EXERCISE GOAL: From the line containing "NLE Choppa - SLUT ME OUT 3 MP3" to the last line of the records below, repeat every line exactly and add nothing else.
####################
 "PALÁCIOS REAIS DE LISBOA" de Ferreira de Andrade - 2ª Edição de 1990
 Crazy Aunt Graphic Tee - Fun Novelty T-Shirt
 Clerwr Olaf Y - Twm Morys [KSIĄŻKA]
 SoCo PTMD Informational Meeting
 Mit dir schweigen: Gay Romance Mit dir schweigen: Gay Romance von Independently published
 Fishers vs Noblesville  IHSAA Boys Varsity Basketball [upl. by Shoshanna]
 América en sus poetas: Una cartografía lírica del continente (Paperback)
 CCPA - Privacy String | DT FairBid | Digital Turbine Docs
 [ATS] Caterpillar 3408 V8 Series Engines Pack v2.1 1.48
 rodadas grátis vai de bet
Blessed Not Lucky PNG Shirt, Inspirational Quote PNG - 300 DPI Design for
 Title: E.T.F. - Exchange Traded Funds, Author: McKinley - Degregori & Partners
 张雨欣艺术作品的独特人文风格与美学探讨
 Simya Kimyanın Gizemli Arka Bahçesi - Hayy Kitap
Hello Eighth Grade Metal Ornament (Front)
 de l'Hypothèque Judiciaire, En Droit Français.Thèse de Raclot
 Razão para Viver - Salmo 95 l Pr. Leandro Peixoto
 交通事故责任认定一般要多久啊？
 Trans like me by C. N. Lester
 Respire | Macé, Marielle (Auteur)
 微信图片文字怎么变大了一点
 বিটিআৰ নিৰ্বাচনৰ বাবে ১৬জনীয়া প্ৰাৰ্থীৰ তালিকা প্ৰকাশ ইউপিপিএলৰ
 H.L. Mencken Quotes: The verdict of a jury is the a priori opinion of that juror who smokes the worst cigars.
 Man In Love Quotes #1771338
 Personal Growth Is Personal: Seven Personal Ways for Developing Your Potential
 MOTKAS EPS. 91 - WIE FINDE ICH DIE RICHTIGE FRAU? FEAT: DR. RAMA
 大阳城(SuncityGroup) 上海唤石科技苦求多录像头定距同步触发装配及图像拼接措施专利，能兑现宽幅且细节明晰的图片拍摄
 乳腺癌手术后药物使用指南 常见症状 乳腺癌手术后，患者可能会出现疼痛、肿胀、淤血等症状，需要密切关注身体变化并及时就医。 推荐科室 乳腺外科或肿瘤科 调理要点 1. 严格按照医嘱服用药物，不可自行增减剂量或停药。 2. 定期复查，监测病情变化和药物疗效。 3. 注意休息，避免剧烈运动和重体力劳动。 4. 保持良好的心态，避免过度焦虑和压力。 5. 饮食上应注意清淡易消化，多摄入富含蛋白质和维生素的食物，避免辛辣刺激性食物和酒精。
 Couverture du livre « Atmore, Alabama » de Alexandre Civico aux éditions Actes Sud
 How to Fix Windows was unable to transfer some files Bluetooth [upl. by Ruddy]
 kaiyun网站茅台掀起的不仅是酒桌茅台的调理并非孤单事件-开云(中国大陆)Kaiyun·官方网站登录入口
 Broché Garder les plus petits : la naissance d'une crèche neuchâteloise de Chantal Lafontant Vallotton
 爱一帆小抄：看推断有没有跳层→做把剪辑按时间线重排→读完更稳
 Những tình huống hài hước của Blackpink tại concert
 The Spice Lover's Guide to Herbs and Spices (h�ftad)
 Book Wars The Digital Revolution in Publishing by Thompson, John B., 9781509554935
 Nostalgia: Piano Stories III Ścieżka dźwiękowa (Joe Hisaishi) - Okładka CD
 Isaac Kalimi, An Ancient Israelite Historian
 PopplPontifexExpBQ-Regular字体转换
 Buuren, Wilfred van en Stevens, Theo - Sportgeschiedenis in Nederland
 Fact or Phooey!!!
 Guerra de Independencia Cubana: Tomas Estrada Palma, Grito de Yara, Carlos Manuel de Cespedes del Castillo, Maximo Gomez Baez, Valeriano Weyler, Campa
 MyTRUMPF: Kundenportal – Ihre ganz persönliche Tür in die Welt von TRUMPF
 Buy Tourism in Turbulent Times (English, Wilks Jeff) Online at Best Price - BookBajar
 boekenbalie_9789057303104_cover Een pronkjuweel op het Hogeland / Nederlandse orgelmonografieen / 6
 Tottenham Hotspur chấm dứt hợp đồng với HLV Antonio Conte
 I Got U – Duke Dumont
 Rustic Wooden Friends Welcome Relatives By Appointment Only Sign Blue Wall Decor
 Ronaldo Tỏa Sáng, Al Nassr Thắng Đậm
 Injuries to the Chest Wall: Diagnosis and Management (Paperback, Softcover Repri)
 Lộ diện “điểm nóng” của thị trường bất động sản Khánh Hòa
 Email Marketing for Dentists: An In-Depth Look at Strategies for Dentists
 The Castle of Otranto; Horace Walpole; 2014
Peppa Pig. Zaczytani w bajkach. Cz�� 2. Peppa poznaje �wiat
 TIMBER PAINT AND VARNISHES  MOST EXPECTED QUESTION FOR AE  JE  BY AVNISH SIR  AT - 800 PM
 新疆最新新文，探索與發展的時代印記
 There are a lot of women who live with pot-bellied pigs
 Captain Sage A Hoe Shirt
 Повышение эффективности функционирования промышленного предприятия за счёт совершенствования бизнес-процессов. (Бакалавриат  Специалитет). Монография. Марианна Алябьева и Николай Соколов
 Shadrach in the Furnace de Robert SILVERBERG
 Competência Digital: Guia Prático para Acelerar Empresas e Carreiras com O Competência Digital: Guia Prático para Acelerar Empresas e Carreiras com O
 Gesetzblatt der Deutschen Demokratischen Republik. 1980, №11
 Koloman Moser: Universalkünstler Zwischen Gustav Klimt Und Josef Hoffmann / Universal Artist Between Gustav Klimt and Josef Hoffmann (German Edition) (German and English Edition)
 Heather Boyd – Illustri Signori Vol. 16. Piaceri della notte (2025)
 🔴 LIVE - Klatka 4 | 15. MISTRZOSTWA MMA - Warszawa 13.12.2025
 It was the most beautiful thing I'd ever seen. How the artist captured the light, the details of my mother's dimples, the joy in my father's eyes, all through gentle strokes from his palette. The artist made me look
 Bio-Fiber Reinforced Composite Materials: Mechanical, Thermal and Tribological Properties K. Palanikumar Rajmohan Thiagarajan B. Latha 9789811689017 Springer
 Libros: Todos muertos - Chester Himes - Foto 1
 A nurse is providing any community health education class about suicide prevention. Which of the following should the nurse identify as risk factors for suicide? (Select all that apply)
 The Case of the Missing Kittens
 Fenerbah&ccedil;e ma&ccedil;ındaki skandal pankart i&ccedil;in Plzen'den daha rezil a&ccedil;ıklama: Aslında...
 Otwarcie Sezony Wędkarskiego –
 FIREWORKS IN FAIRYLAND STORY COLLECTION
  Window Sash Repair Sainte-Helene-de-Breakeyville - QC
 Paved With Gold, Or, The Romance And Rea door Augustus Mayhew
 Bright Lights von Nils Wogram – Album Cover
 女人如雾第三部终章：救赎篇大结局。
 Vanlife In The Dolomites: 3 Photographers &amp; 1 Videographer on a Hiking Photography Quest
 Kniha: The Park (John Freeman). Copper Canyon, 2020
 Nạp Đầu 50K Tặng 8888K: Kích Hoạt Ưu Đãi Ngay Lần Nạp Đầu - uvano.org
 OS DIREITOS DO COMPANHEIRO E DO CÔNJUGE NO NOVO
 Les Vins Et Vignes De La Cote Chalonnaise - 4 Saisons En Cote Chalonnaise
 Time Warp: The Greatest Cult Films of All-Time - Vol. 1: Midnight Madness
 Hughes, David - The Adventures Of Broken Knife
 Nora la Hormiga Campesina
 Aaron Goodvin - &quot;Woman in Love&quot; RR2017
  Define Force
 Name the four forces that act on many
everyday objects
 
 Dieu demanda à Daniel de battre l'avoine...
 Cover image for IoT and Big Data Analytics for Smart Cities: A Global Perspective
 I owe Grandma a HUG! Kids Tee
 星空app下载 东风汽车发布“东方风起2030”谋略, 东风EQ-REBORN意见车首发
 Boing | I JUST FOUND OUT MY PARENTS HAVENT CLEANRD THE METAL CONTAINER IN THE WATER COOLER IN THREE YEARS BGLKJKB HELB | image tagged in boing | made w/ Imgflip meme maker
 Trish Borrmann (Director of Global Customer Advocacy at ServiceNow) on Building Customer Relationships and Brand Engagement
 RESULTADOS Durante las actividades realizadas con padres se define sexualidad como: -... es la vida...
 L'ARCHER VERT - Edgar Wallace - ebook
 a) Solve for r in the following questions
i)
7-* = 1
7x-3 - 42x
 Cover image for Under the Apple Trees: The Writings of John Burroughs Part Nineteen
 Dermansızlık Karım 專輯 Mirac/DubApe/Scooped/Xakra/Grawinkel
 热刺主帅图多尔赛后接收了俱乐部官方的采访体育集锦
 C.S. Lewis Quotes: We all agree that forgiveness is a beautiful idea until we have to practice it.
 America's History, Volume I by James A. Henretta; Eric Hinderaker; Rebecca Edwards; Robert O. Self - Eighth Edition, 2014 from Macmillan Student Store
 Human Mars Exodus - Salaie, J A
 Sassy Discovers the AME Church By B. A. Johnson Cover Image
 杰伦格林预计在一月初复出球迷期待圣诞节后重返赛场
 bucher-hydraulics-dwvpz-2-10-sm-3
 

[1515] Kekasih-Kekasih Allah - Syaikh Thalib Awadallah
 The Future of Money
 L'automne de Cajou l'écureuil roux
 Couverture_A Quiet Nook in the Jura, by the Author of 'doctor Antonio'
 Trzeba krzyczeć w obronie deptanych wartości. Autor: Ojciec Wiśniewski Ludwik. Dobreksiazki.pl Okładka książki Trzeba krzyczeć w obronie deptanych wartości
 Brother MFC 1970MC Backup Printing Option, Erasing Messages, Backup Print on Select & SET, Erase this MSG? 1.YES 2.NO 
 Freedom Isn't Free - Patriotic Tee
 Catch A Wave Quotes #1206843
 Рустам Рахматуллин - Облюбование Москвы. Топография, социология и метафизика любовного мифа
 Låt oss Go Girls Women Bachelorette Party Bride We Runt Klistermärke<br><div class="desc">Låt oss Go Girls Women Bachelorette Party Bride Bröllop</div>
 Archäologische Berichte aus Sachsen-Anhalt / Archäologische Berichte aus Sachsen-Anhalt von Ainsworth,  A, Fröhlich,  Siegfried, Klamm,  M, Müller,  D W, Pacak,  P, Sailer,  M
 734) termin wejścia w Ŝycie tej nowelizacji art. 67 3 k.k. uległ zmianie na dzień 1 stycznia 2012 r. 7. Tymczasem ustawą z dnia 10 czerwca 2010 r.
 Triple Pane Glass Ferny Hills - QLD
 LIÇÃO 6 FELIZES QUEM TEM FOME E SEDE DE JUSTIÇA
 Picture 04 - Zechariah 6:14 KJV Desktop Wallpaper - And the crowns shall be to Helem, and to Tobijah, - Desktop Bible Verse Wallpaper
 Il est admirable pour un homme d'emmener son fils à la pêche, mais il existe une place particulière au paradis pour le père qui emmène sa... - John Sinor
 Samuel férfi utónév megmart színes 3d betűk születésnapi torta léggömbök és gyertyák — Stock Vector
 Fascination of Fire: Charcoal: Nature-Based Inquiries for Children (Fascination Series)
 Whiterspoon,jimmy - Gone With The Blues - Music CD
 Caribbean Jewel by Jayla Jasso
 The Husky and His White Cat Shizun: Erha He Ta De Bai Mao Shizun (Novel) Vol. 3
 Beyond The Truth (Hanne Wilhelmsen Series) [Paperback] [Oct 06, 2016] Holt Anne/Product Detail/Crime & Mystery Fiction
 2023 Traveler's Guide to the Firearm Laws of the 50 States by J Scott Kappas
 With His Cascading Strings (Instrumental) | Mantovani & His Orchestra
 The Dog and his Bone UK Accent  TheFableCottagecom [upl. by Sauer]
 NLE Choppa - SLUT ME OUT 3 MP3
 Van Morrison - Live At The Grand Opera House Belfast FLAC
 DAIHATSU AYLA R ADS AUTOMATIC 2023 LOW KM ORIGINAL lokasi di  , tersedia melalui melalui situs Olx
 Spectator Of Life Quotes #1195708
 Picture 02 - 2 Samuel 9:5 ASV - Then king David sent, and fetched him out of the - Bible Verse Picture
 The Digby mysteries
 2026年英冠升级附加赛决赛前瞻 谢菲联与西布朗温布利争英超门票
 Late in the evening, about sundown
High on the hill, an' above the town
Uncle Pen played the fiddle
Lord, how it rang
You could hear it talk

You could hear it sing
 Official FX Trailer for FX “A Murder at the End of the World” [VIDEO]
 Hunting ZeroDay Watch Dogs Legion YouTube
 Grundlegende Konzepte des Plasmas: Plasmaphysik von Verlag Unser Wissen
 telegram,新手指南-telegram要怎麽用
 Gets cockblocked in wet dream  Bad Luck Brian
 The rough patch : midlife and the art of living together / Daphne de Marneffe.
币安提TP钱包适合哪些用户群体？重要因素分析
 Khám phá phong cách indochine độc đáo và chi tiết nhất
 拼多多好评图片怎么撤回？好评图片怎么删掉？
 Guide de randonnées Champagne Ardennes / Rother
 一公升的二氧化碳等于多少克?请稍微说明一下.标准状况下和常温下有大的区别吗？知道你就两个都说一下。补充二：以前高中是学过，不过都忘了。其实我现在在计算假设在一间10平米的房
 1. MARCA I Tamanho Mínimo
####################
ANSWER TO THIS PROBLEM:
 NLE Choppa - SLUT ME OUT 3 MP3
 Van Morrison - Live At The Grand Opera House Belfast FLAC
 DAIHATSU AYLA R ADS AUTOMATIC 2023 LOW KM ORIGINAL lokasi di  , tersedia melalui melalui situs Olx
 Spectator Of Life Quotes #1195708
 Picture 02 - 2 Samuel 9:5 ASV - Then king David sent, and fetched him out of the - Bible Verse Picture
 The Digby mysteries
 2026年英冠升级附加赛决赛前瞻 谢菲联与西布朗温布利争英超门票
 Late in the evening, about sundown
High on the hill, an' above the town
Uncle Pen played the fiddle
Lord, how it rang
You could hear it talk

You could hear it sing
 Official FX Trailer for FX “A Murder at the End of the World” [VIDEO]
 Hunting ZeroDay Watch Dogs Legion YouTube
 Grundlegende Konzepte des Plasmas: Plasmaphysik von Verlag Unser Wissen
 telegram,新手指南-telegram要怎麽用
 Gets cockblocked in wet dream  Bad Luck Brian
 The rough patch : midlife and the art of living together / Daphne de Marneffe.
币安提TP钱包适合哪些用户群体？重要因素分析
 Khám phá phong cách indochine độc đáo và chi tiết nhất
 拼多多好评图片怎么撤回？好评图片怎么删掉？
 Guide de randonnées Champagne Ardennes / Rother
 一公升的二氧化碳等于多少克?请稍微说明一下.标准状况下和常温下有大的区别吗？知道你就两个都说一下。补充二：以前高中是学过，不过都忘了。其实我现在在计算假设在一间10平米的房
 1. MARCA I Tamanho Mínimo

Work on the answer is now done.